The Tracks class has a number of member functions that provide access to Markers based on their associated camera. For example, MarkersForCamera will return all the markers associated with a particular camera.

Reconstruction storage

Similarly, the reconstructed camera positions/orientations have associated physical cameras. That is, the EuclideanView reconstructed from markers with a specific camera identifier will have the same camera identifier. This allows the client the understand which of the reconstructed views correspond to which cameras and frames. AllViewsForCamera can be used to get all views reconstructed for a particular camera.

Libmv internals

All of the internal algorithms needed to be updated to be multicamera-aware. For those algorithms that rely on having images from a single camera (such as the two frame reconstruction initialization), this simply meant extracting tracks for the first camera and using only those.

For bundle adjustment, the multiple sets of camera intrinsics passes into libmv need to be used for calculating the reprojection error for each marker. This works by adding the appropriate intrinsics to the parameters of each marker's cost function according to its camera identifier:

problem.AddResidualBlock(new ceres::AutoDiffCostFunction<
    OpenCVReprojectionError, 2, 8, 6, 3>(cost_function),
    NULL,
    &ceres_intrinsics[camera](0),
    current_view_R_t,
    &point->X(0));

The OpenCVReprojectionError cost functor then uses these intrinsics to compute the reprojection error for each marker.
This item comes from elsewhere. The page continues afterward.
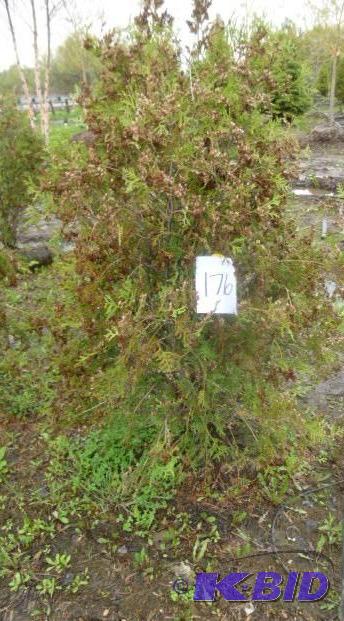 lot 176 image: 4" Techny Arborvitae Tree...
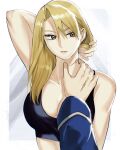  1girl arm_behind_head arm_up bangs bare_shoulders black_tank_top blonde_hair border breasts brown_eyes cleavage closed_mouth collarbone crop_top expressionless eyelashes fullmetal_alchemist grey_background hair_between_eyes hair_lift hand_on_another&#039;s_neck highres holding holding_hair large_breasts long_sleeves looking_away out_of_frame ozaki_(tsukiko3) pov pov_hands riza_hawkeye roy_mustang scar scar_on_hand scar_on_neck sideways_glance solo_focus sports_bra tank_top upper_body white_border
Whenever an algorithm produces a reconstructed camera view, it adds it to the EuclideanReconstruction object and associates it with the appropriate camera.

Terminology

The following terminology was decided on to avoid confusing clashes of names:

  • View - a specific instance of a camera at some orientation and point in space (giving an image of the scene)
  • Multiview reconstruction - reconstruction of a scene from multiple views
  • Camera - a physical video camera
  • Multicamera reconstruction - a form of multiview reconstruction, where the views are associated with some number of video cameras

Previously, views were known as cameras, which meant that a EuclideanReconstruction contained EuclideanCameras which were each associated with a particular physical video camera. Now, a EuclideanReconstruction contains EuclideanViews instead.


Code clean-up

Unified libmv API

While studying the libmv source, I noticed that libmv_solveReconstruction and libmv_solveModal had a lot of code in common. They were each part of the libmv C API and would be called based on whether the client code wanted to perform a modal solve or not. I thought a better approach would be to have a single libmv_solve function that will use the modal solver when a certain option is passed.
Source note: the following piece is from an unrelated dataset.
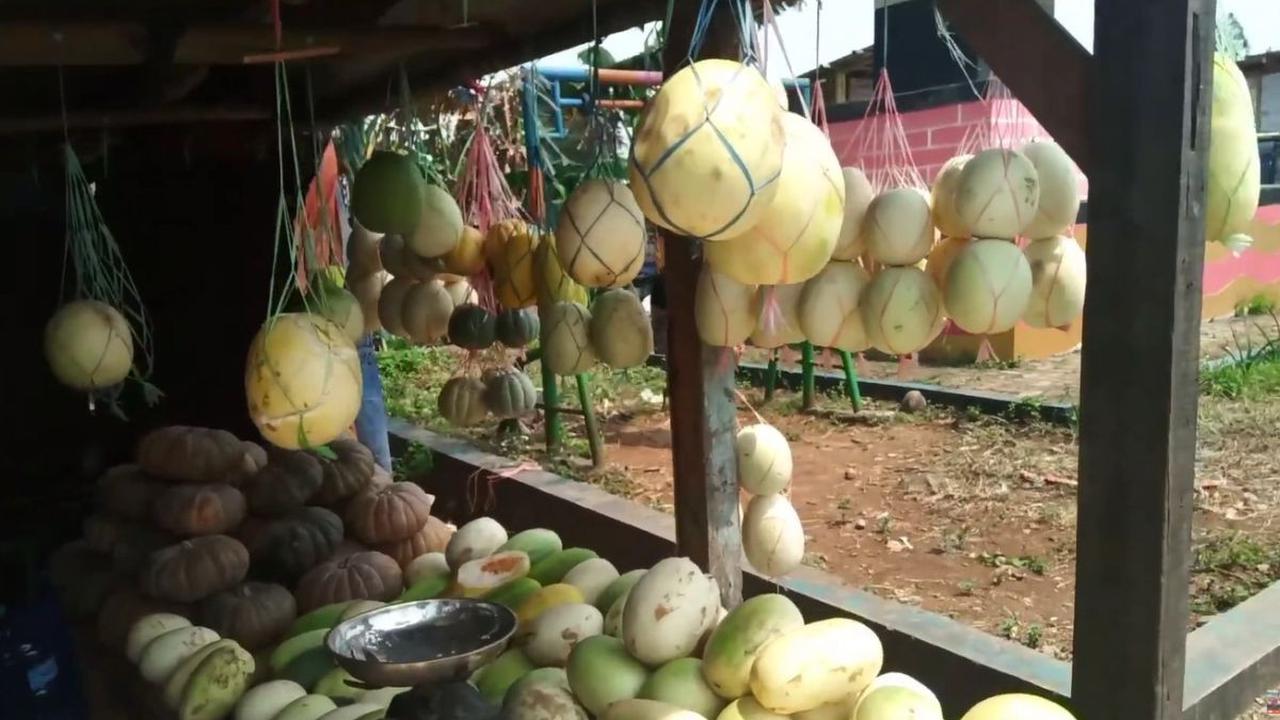 Jadi Wisata Petik Timun Suri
To this end, libmv_ReconstructionOptions now has a motion_flag option that may have the LIBMV_TRACKING_MOTION_MODAL flag set. If it is set, the modal solver will be used. Otherwise, normal reconstruction will take place.

This cleans up the libmv interface by moving the decision of whether to perform a modal solve or not into libmv and also makes clear the steps that are common between both solvers.

C/C++ interface consistency

I also noticed that these was a lot of inconsistency between naming conventions within the libmv C API. This is probably caused by the fact that it's an interface between C and C++, which each have their own code styles, and there's no real guideline for this situation. To fix this, the following rules were made:

  • All identifiers exposed by the API begin with the library name followed by an underscore. In this case, libmv_.
  • Types are in camel-case and begin with a capital letter. For example, libmv_CameraIntrinsicsOptions.
  • Functions are in camel-case and begin with a lower-case letter. For example, libmv_cameraIntrinsicsInvert.
  • Types that are exposed by the API should be typedefed unless only a declaration is provided in the API. That is, if the definition of the type is hidden within the library, the type should not be typedefed.